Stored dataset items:
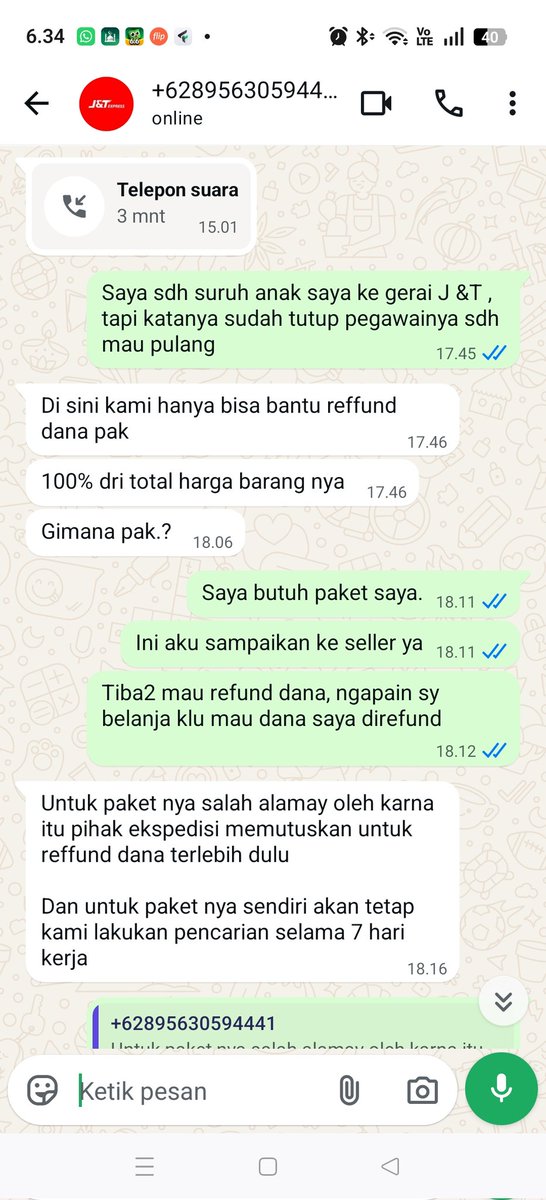 HASRUMJAYA's tweet photo. Yth @BPKN_RI  @OmbudsmanRI137 @tiktok_idn pihak J&amp;T semakin aneh tiba2 mau refund dana, padahal paket atau pesanan saya belum diantar, alasannya paket saya salah alamat, tapi pemberitahuan dari J &amp;T setempat pesanan sy sdh tiba, suruh ambil di gerai J&amp;T https://t.co/2KvAHRxlTV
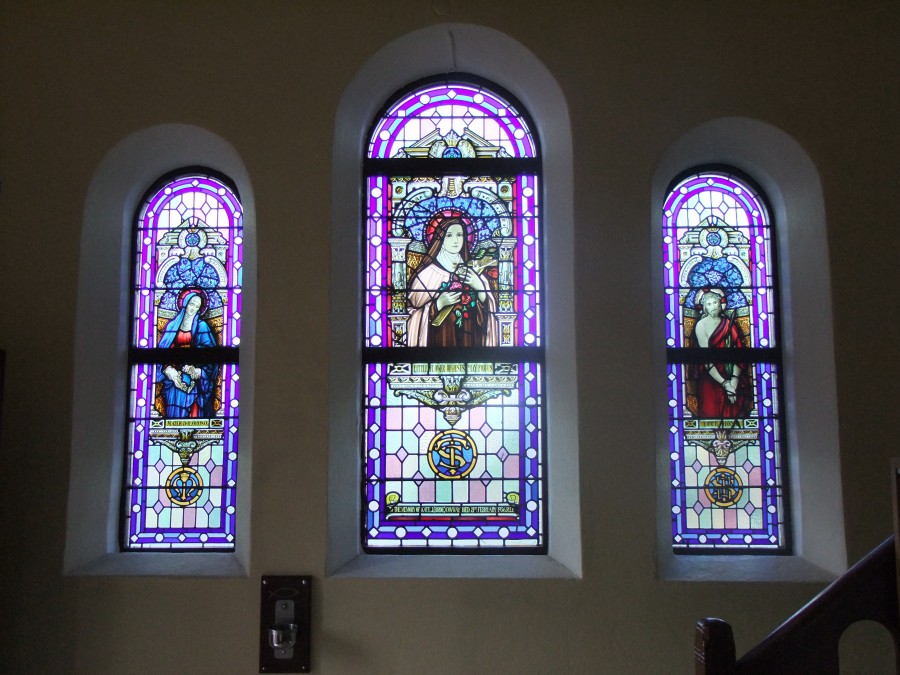 905b. Centre is Kate Conway Memorial Window, Our Lady of Lourdes Church, Ballinlough, present day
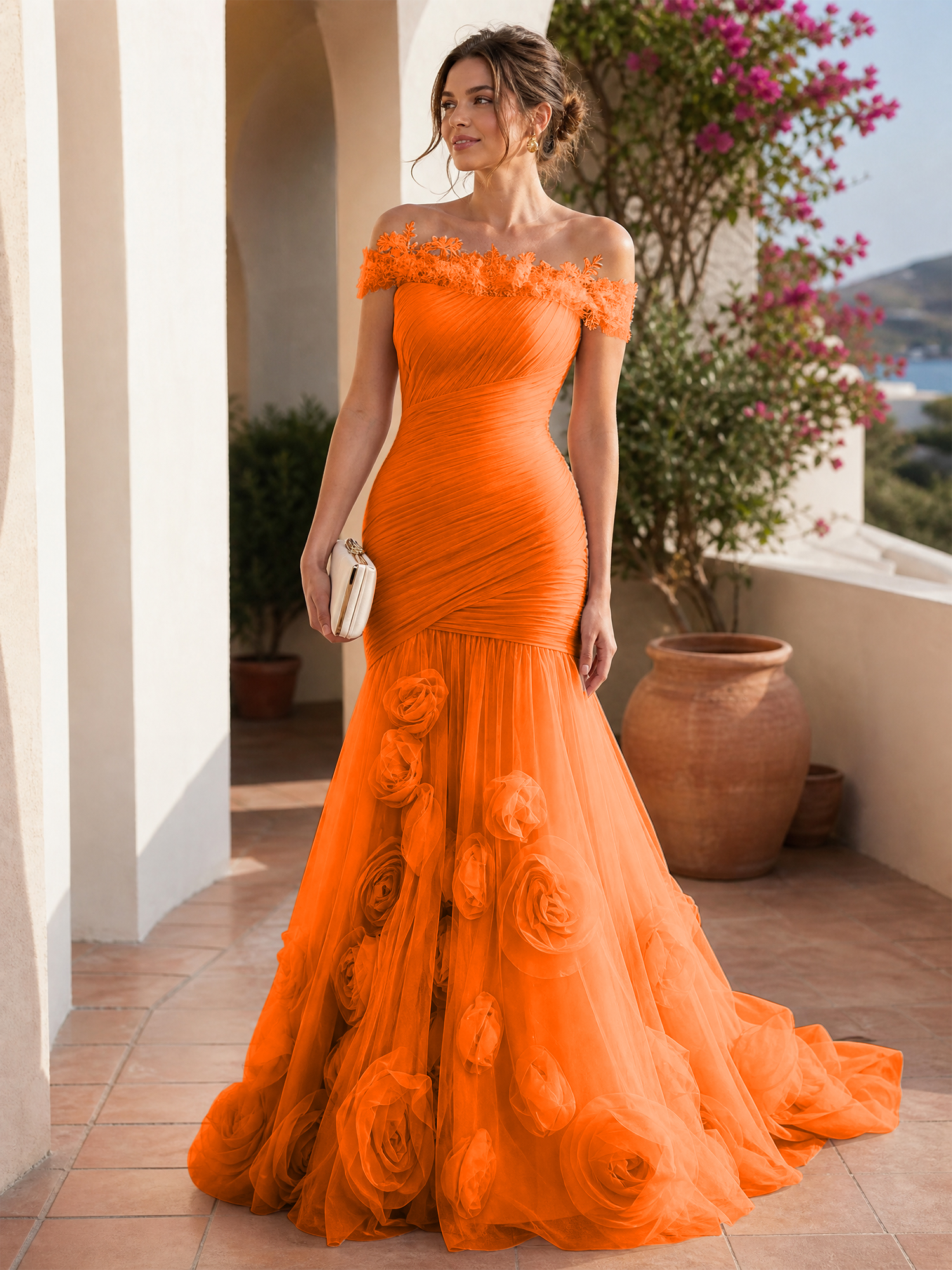 Romantic Blushing Rose Off-the-Shoulder Mermaid Formal Evening Dress 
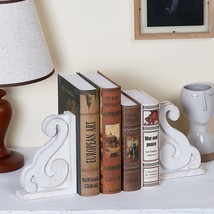 Rustic Distressed Vintage Scroll Corbel Bookends Farmhouse Whitewashed Wood - £39.16 GBP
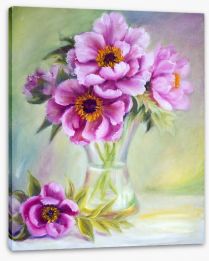 Peonies in a vase Stretched Canvas 69000266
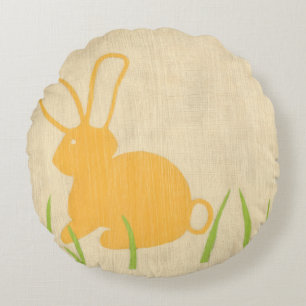 Yellow Bunny and Green Grass by Chariklia Zarris Round Pillow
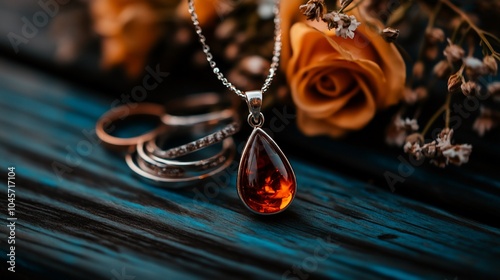 A silver necklace with an amber pendant and three silver rings rest on a blue wooden surface with an orange rose in the background.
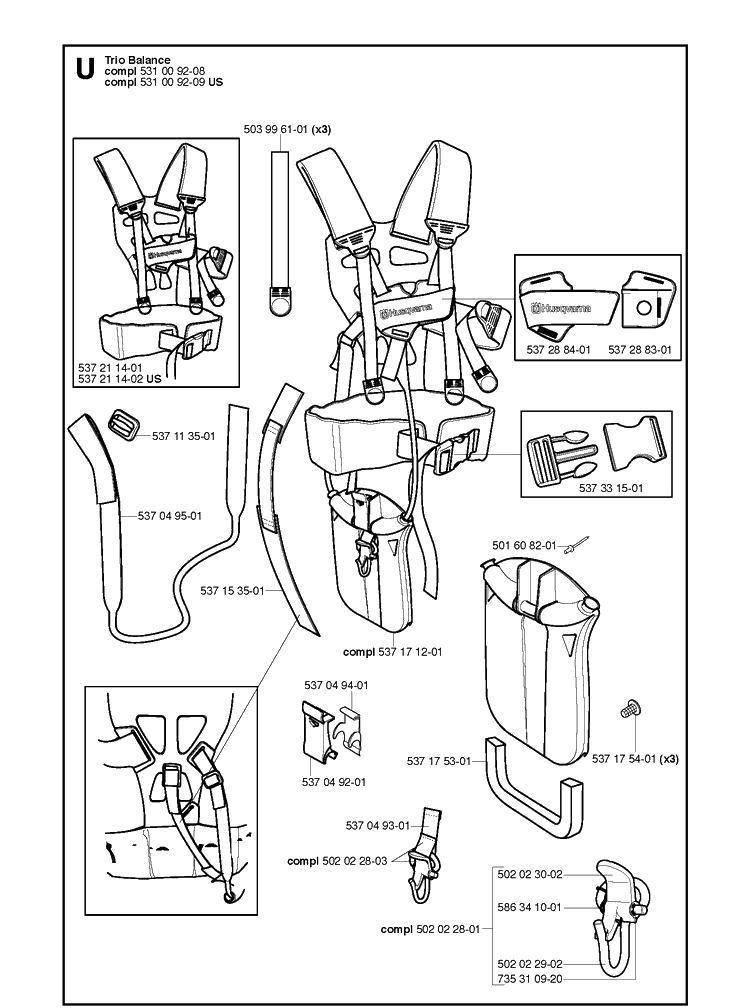 Harness Diagram and Parts List for 250R  Husqvarna Brush Cutter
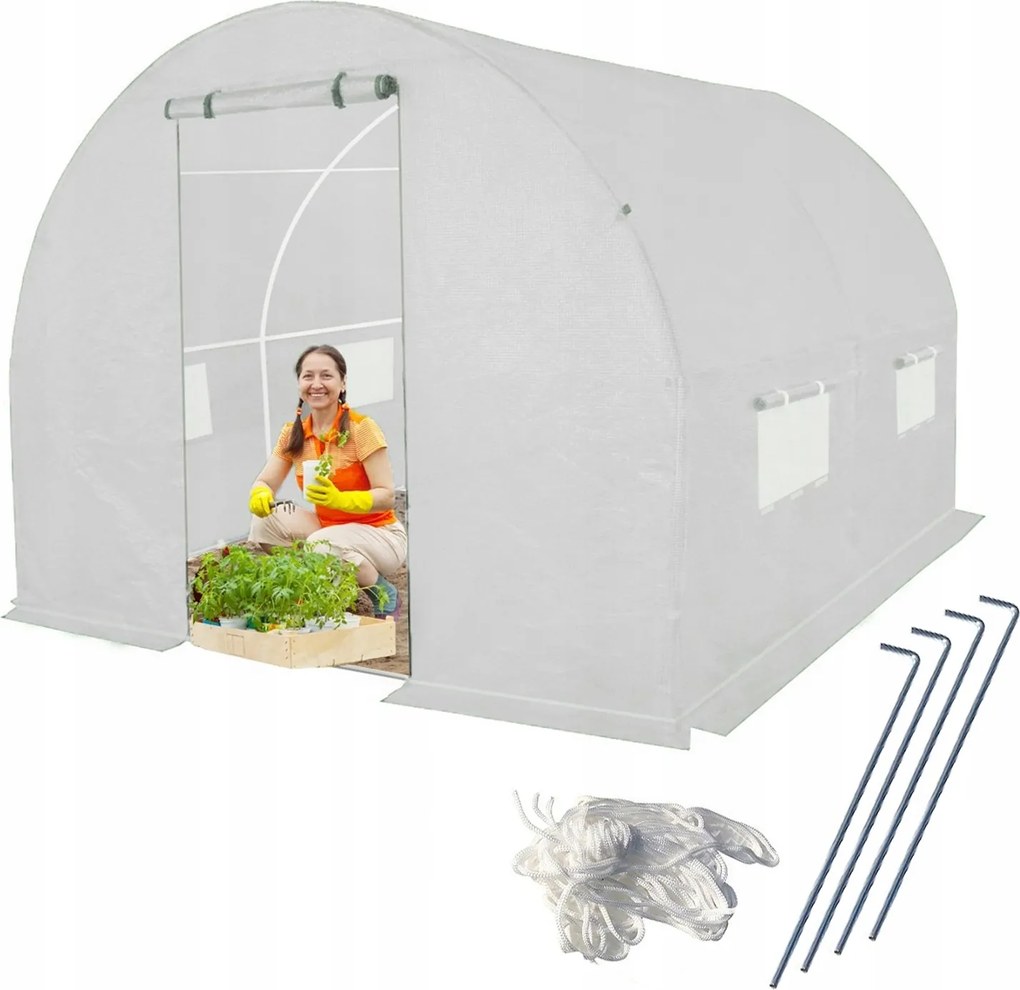 Fóliaalagút Üvegház 2x2m Prémium Pe hálóval 4m2 Fehér cső 19mm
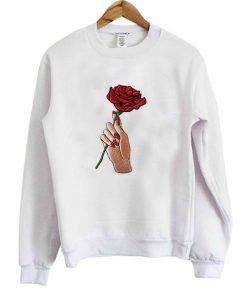 rose hand sweatshirt
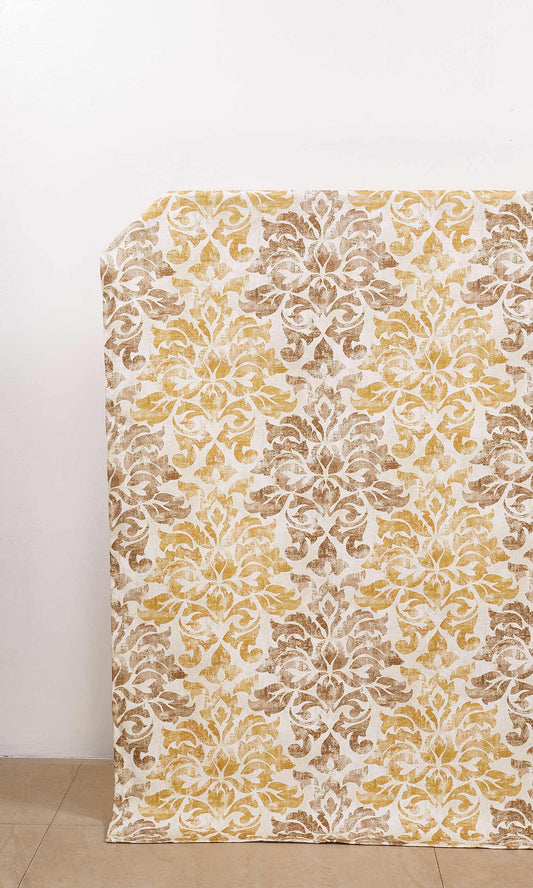Damask Cotton Window Curtains (Ocher Yellow/ Mocha Brown)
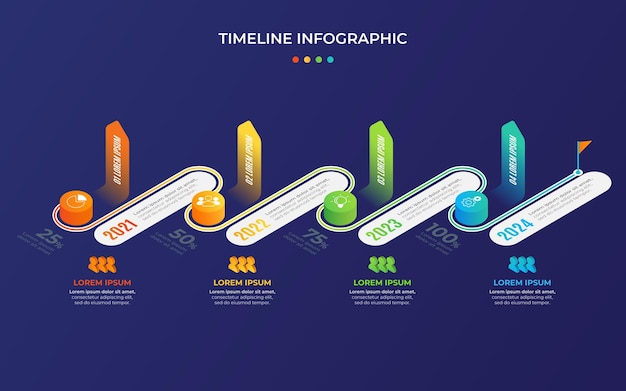 Gratis vector isometrische tijdlijn infographic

PROBLEM STATEMENT:
Only the lines from the one holding "Yellow Bunny and" to the last line of the entries above should be printed, exactly as they appear and with no pictures.

REPLY:
 Yellow Bunny and Green Grass by Chariklia Zarris Round Pillow
 A silver necklace with an amber pendant and three silver rings rest on a blue wooden surface with an orange rose in the background.
 Harness Diagram and Parts List for 250R  Husqvarna Brush Cutter
 Fóliaalagút Üvegház 2x2m Prémium Pe hálóval 4m2 Fehér cső 19mm
 rose hand sweatshirt
Damask Cotton Window Curtains (Ocher Yellow/ Mocha Brown)
 Gratis vector isometrische tijdlijn infographic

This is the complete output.